Action item:
Make an exact copy of every entry, leaving the pictures out.

───── Records for the task

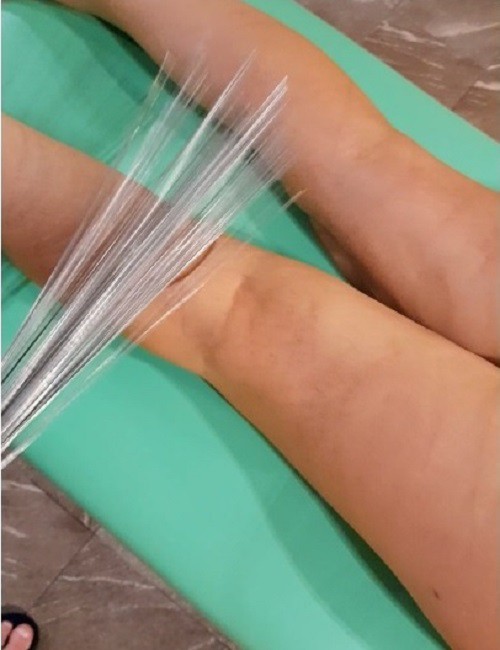 Даосский вибрационный массаж металлическим веником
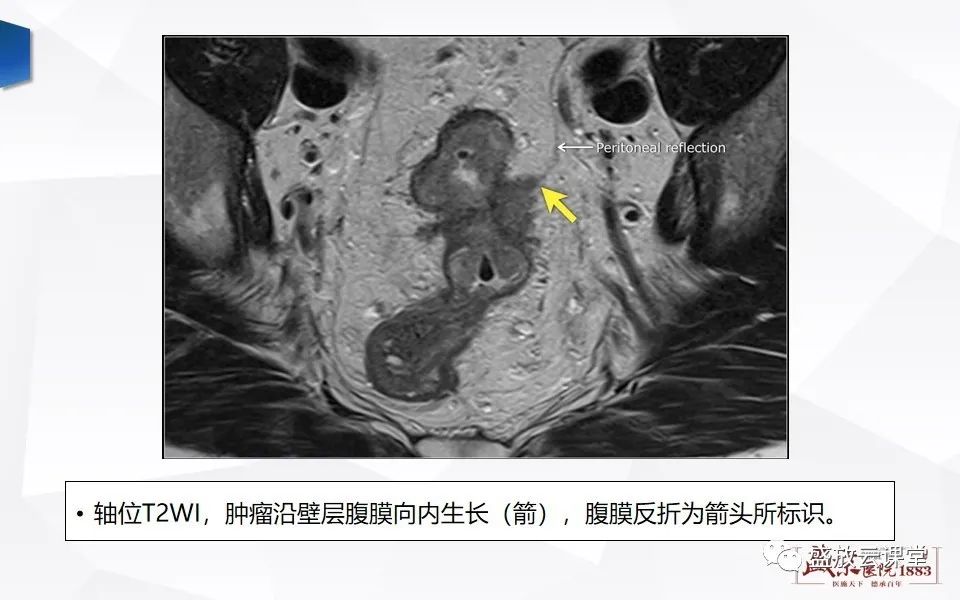 影像PPT - 【PPT】直肠癌术前MR分期-38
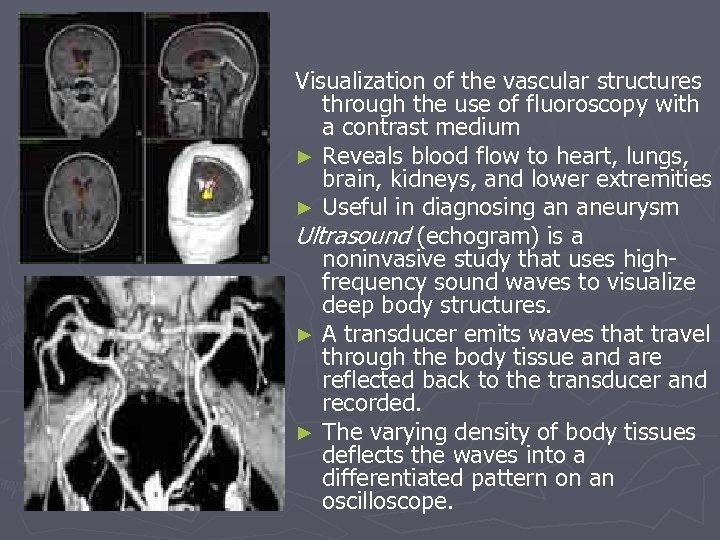 Visualization of the vascular structures through the use of fluoroscopy with a contrast medium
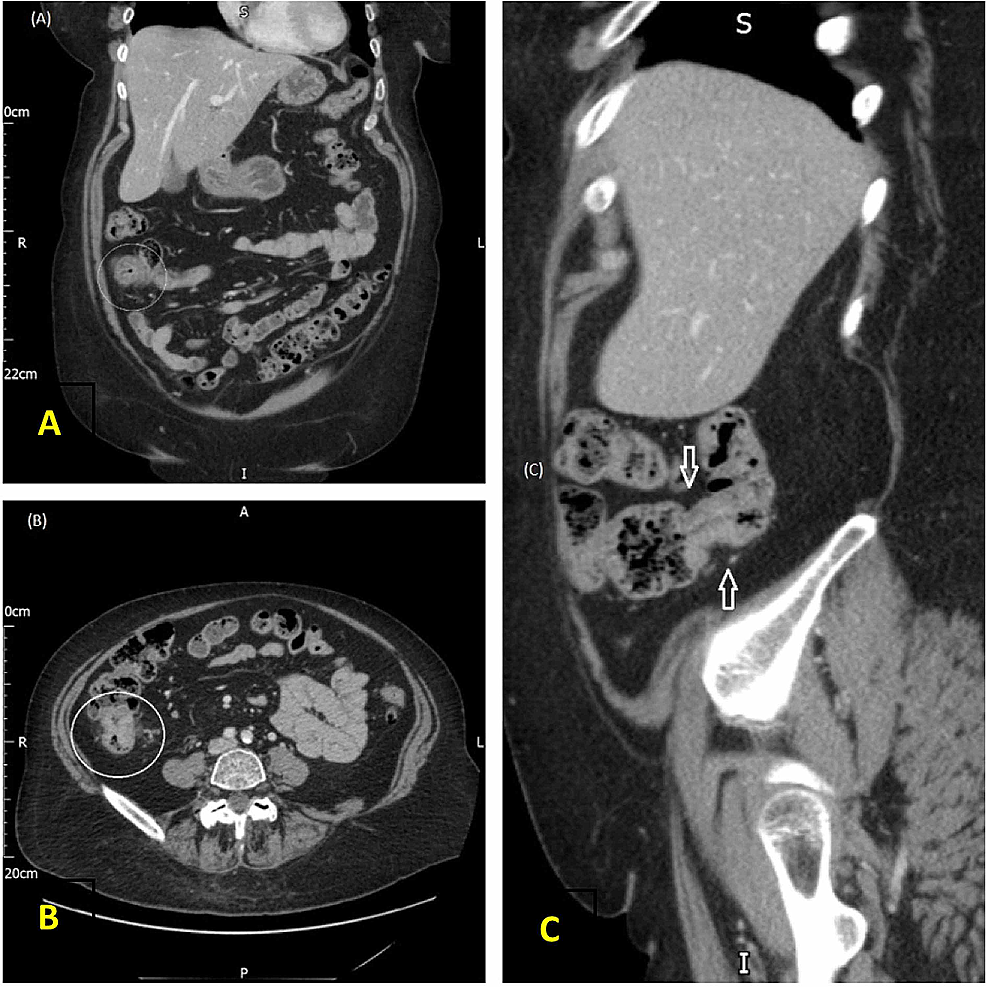 CT-abdomen-(A)-coronal-plane,-(B)-axial-plane,-(C)-sagittal-plane,-there-is-a-focal-spot-of-wall-thickening-in-the-mid-ascending-colon.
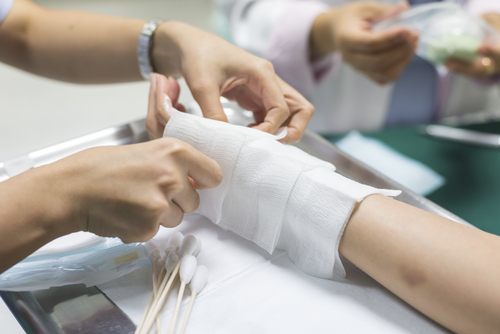 Mano de la víctima de lesión por quemadura siendo envuelta quirúrgicamente - las víctimas de lesiones por quemaduras a menudo pueden presentar una demanda en California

──────────

Written answer:
 Даосский вибрационный массаж металлическим веником
 影像PPT - 【PPT】直肠癌术前MR分期-38
 Visualization of the vascular structures through the use of fluoroscopy with a contrast medium
 CT-abdomen-(A)-coronal-plane,-(B)-axial-plane,-(C)-sagittal-plane,-there-is-a-focal-spot-of-wall-thickening-in-the-mid-ascending-colon.
 Mano de la víctima de lesión por quemadura siendo envuelta quirúrgicamente - las víctimas de lesiones por quemaduras a menudo pueden presentar una demanda en California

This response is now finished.